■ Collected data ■
★ ★ ★
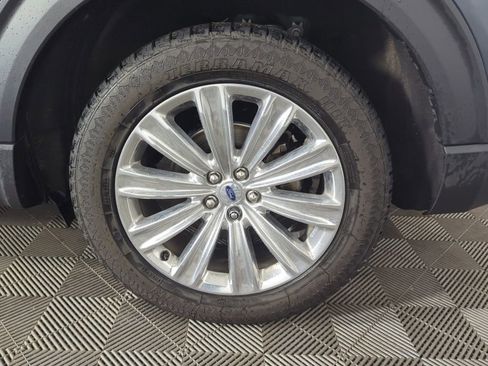 Used 2023 Ford Explorer Limited w/ Equipment Group 301A image 10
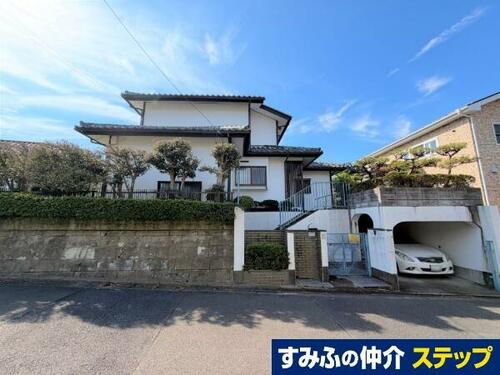 Spacious 6LDK Home with Garden and Parking in Koshigoe, Kamakura, Kanagawa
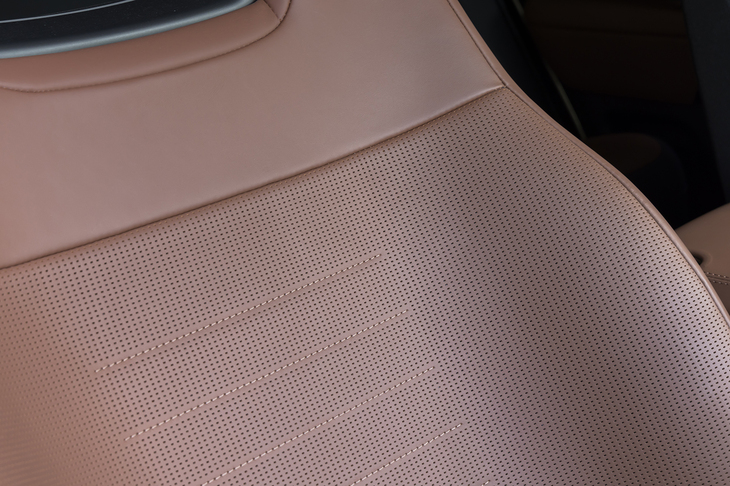 メインの表皮はセミアニリンレザー。バックレスト中央部と大きなサイドサポートとの間に縫い目や継ぎ目がないのが美しいが、どういう内部構造になっているのだろうか。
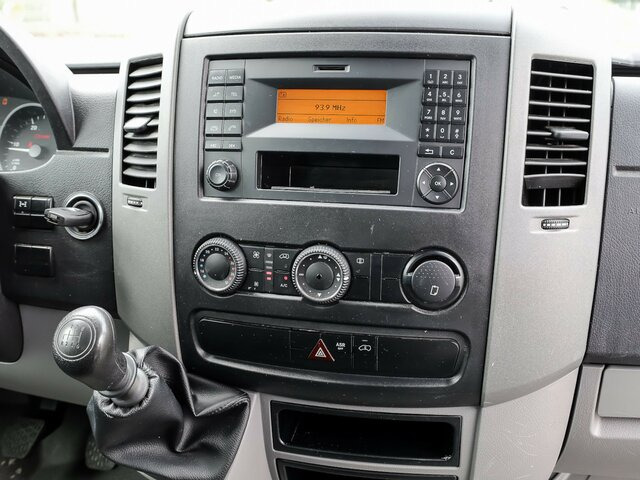 MERCEDES-BENZ Sprinter 316CDI DOKA,Allrad,Klima - Dostavno vozilo s kesonom, Dostavno vozilo z dvojno kabino: slika 5 MERCEDES-BENZ Sprinter 316CDI DOKA,Allrad,Klima - Dostavno vozilo s kesonom, Dostavno vozilo z dvojno kabino: slika 5
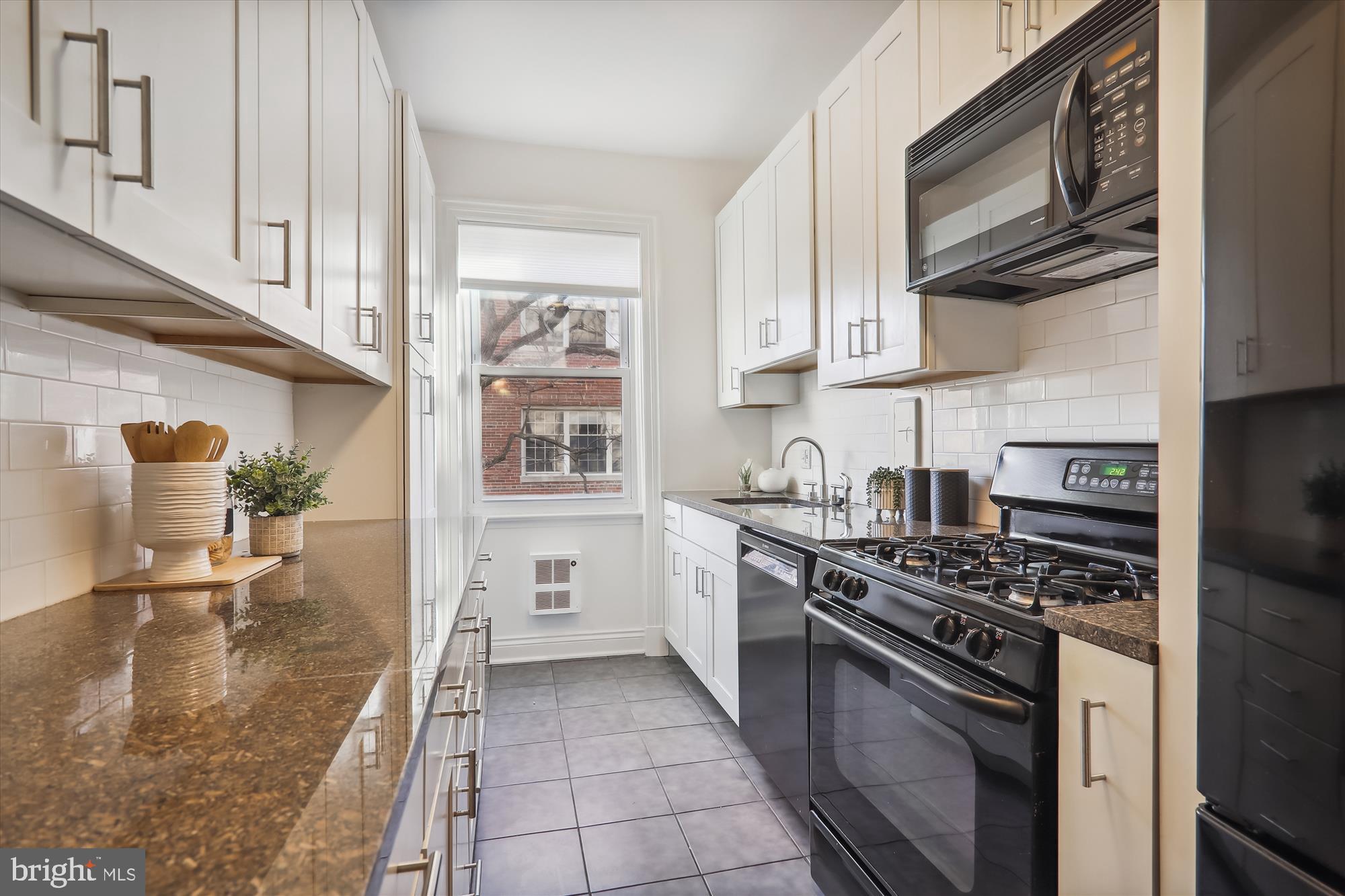 3100 Connecticut AVENUE NW Unit: 301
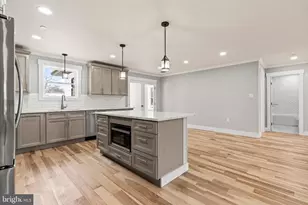 18212 Woodside Dr, Hagerstown, MD 21740 - Photo 10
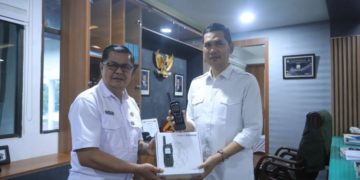 Diskominsa Aceh Serahkan 10 Telepon Satelit untuk Penanganan Bencana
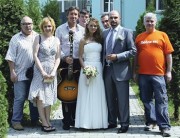 Стихи в режиме тет-а-тет - Сергей Светлов на празднике Дня семьи, любви и верности (Молодая семья Насоновых в окружении поэтов: Виктора Широкова, Елены Исаевой, Сергея Светлова, Алекса…) Молодая семья Насоно…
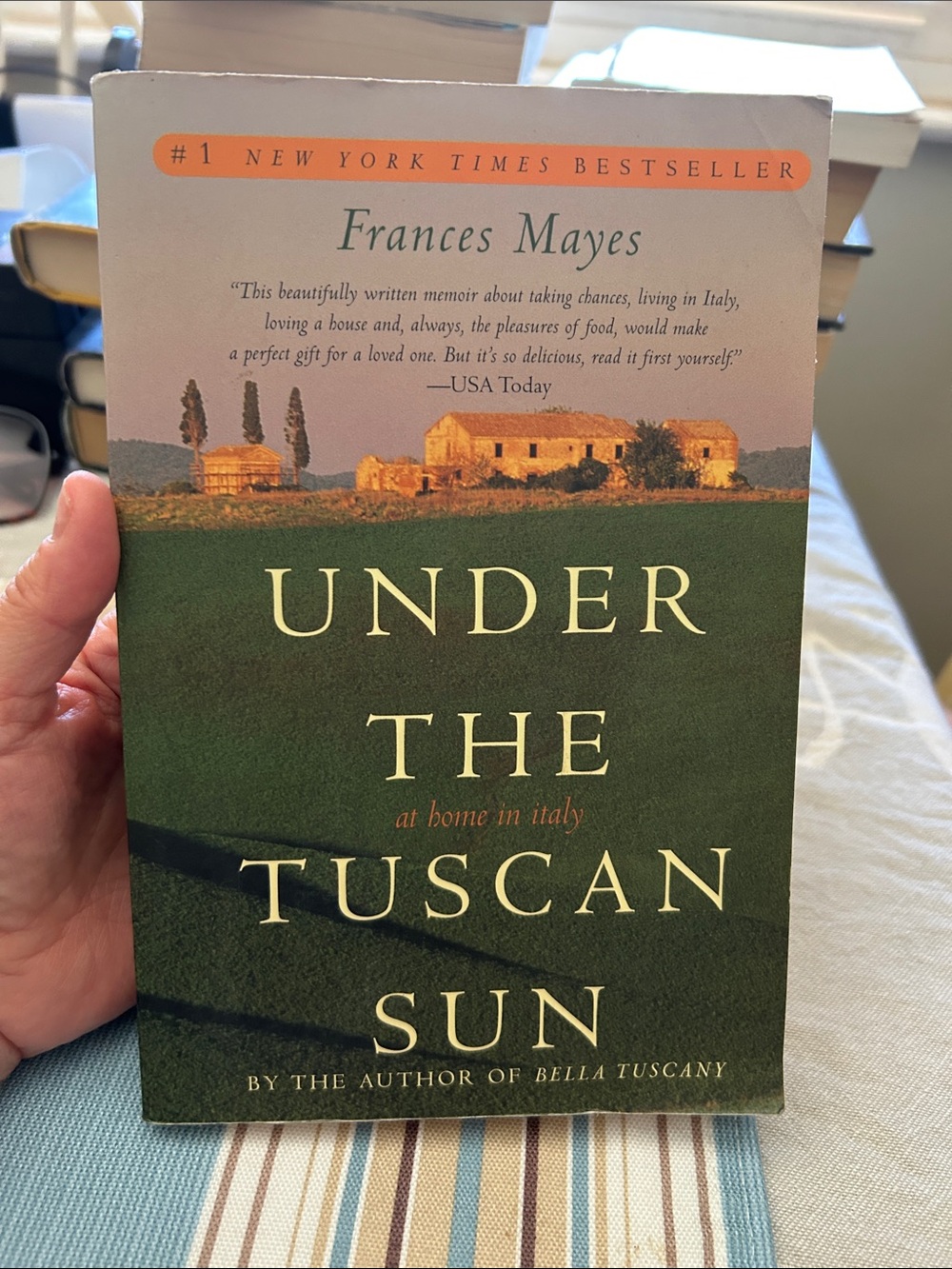 Under the Tuscan Sun by Frances Mayes - Green Cover Paperback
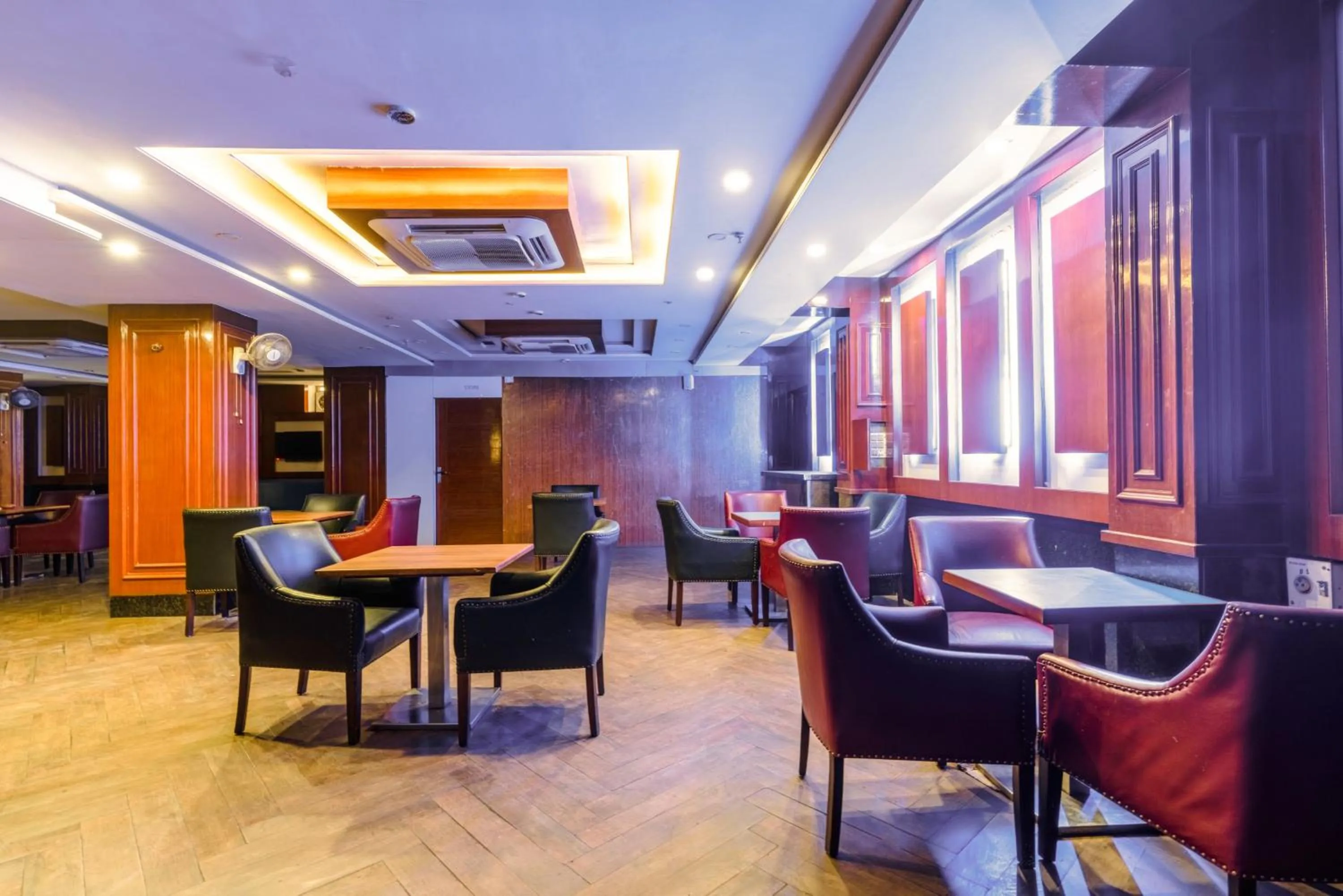 Lounge or bar in Treebo Premium Vinnie - Near Airport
★ ★ ★
■ Work to be completed ■
The copy should hold exactly the lines from the line containing "18212 Woodside Dr, Hagerstown, MD" through the last line of the records, both included, and no pictures or other lines.

■ Solved exercise ■
 18212 Woodside Dr, Hagerstown, MD 21740 - Photo 10
 Diskominsa Aceh Serahkan 10 Telepon Satelit untuk Penanganan Bencana
 Стихи в режиме тет-а-тет - Сергей Светлов на празднике Дня семьи, любви и верности (Молодая семья Насоновых в окружении поэтов: Виктора Широкова, Елены Исаевой, Сергея Светлова, Алекса…) Молодая семья Насоно…
 Under the Tuscan Sun by Frances Mayes - Green Cover Paperback
 Lounge or bar in Treebo Premium Vinnie - Near Airport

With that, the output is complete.